**** Excerpted records ****
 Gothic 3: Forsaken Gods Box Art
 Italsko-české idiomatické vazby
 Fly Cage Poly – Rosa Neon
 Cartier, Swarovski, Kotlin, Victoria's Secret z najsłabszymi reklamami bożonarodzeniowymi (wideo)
****
**** Excerpted records ****
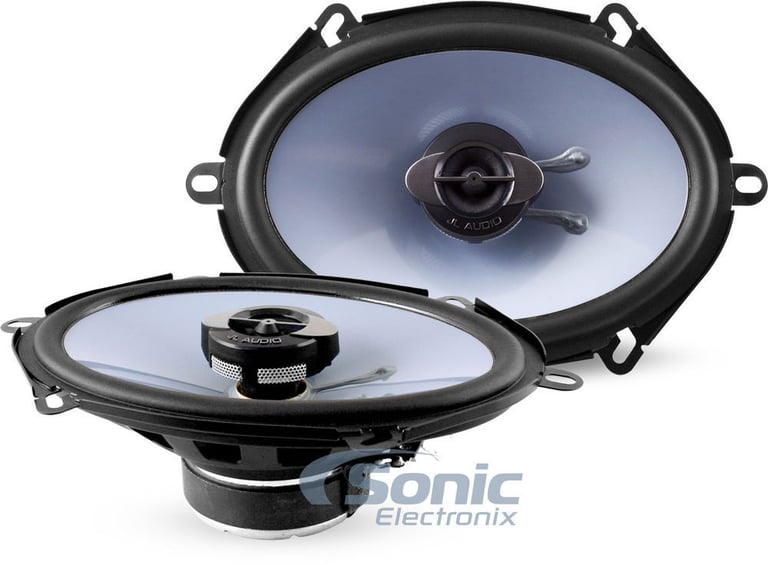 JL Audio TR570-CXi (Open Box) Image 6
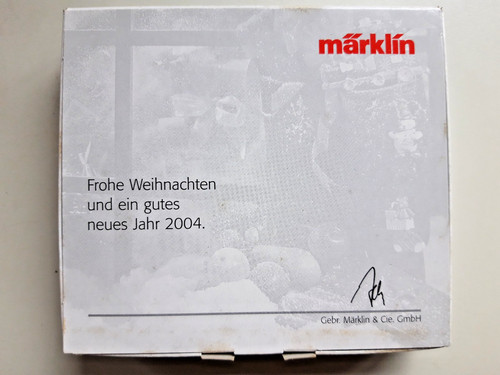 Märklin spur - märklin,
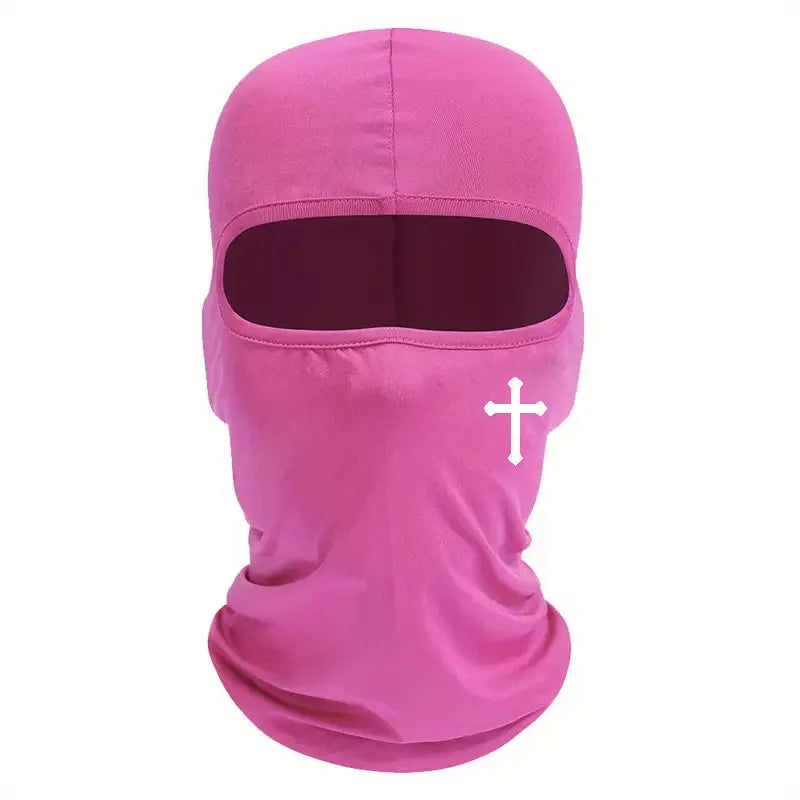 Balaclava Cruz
****
*Required work*. From the data above, output exactly the lines between the one containing "Fly Cage Poly – Rosa Neon" and the one containing "Cartier, Swarovski, Kotlin, Victoria's", counting both of them.

*Task result*.
 Fly Cage Poly – Rosa Neon
 Cartier, Swarovski, Kotlin, Victoria's Secret z najsłabszymi reklamami bożonarodzeniowymi (wideo)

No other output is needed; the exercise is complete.